GaitAnalysisToolKit Speed up inverse dynamics (Python version)

Speed up inverse dynamics (Python version)

Open moorepants opened this issue 9 years ago • 14 comments

Addresses issues #30 and some of #49.

The Octave file leg2d.m was quite slow. It takes from 5 to 6 minutes on my machine to compute the inverse dynamics of a 8 minute (100 Hz) chunk of data. This has bothered me a long time because it takes hours to process all of our data when it shouldn't. So I decided to finally fix it.

I decided not to spend time improving the performance of the leg2d.m and its dependent functions because I'd rather purge the Octave stuff from this library (the octave/python bridge has too much overhead and complicates installation especially on Windows).

So I've simply ported the leg2d.m file to a Python function in gait.py and also switched to using library filters (scipy.signal) and the finite difference functions in DynamicistToolKit for speed gains. From the simple port I'm seeing close to a 1000 fold performance increase. It now takes less than a second to process 8 minutes of data.

[x] Release new version of DTK.
[x] Address the filtering differences.
[ ] Break up lower_extremity_2d_inverse_dynamics() into several smaller functions or convert to a class.
[ ] Add change to the release notes.
[x] Fix tests that fail due to the changes in butterworth in dtk.

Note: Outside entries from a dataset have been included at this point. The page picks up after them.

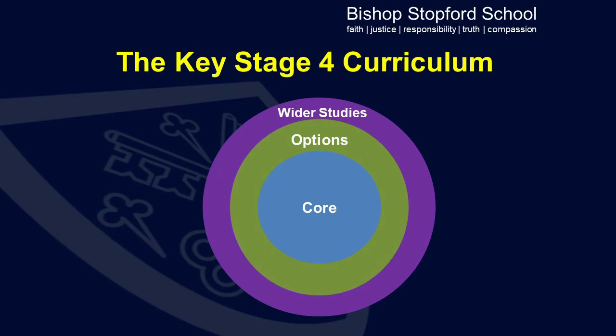The Key Stage 4 curriculum at Bishop Stockford has three layers. At the centre is the core curriculum, which will be followed by the vast majority of students at the school. It contains eight or nine GCSEs, and whether students study eight or nine will be determined by whether they follow Trilogy Science or Triple Science, and that decision will be made for them by the Science Department. There is also an options layer, so students will have to select three options from the choices provided, and wrapped around those two elements are wider studies.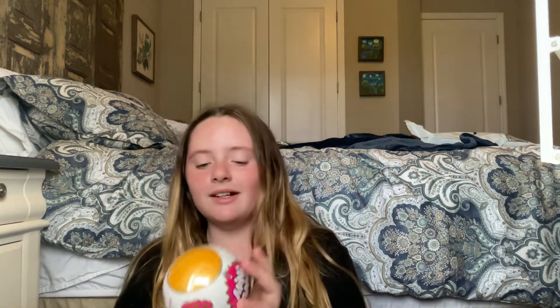So it looks so much different. Can you find the Ultra Rare Rose Gold Minis? This is what it looks like. They're real. And not a lot of people have got them yet, so I'm super excited that I get to open them with you guys. Let's open this one first.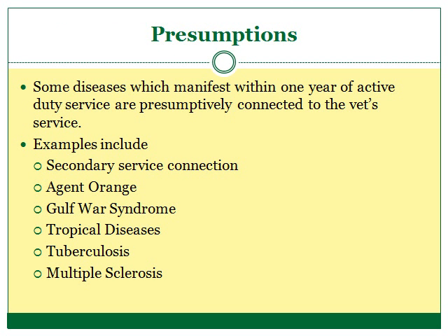The VA recognizes that some things are commonly caused by service in the military, so they created some presumptions that may help a veteran in proving a nexus. If a veteran files a claim within one year of ending active service, some diseases are presumed to have come from time spent in active duty. For example, if you served in the Gulf War in Iraq and now suffer from fibromyalgia, chronic fatigue syndrome, or irritable bowel syndrome, these conditions and your service in the Gulf will be presumptively linked. This demonstrates that the VA recognizes that service in the Gulf has caused a number of diseases that are often undiagnosable or are commonly diagnosed as those listed above.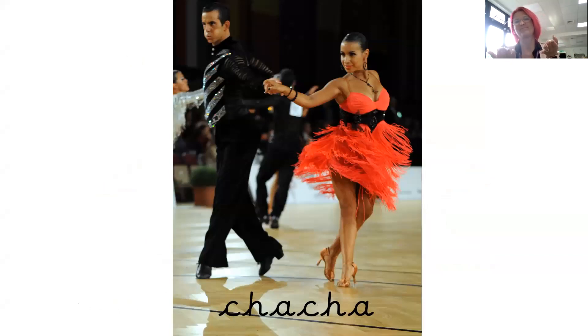Cha-cha. This is another type of dance. You can see that the lady's got a beautiful dress on and it's all flicky — you can see that it's moving as she dances. And the man has lots of sparkles on his shirt. Cha-cha.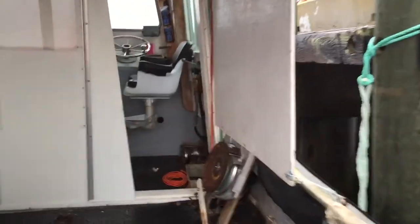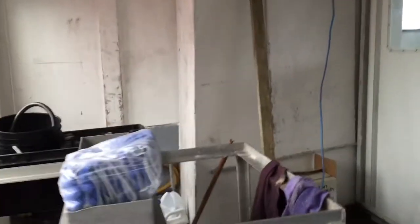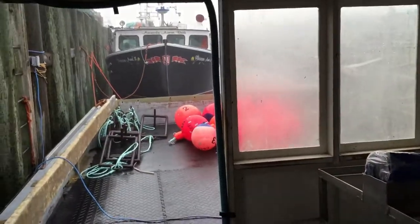The pots will go up in here and we'll be loaded for the first load. They're talking delays now for bad weather and so on and so forth. I don't know — I haven't got the boat started yet.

Mar 27 '15 19:03 moorepants

So this all seems to work. It gives the same results as the Octave file on the test data but when I run it for the plot in our perturbed data paper I'm seeing some noise in the joint torques in the Python version that I don't see in the Octave version. I must have some slight differences in the filtering/differentiation code. Here is a screenshot: selection_066

@tvdbogert Can you comment on the filtering/differentiation? You have a custom filterer differentiate. I switched to using a 2nd order Butterworth filter, with filtfilt, and central differencing.

Mar 27 '15 19:03 moorepants

I changed it so I filter the marker positions, compute the derivative, filter the velocities, and compute the derivative instead of filter the marker positions, compute the derivative, and compute the derivative and I get results more similar to the Octave file.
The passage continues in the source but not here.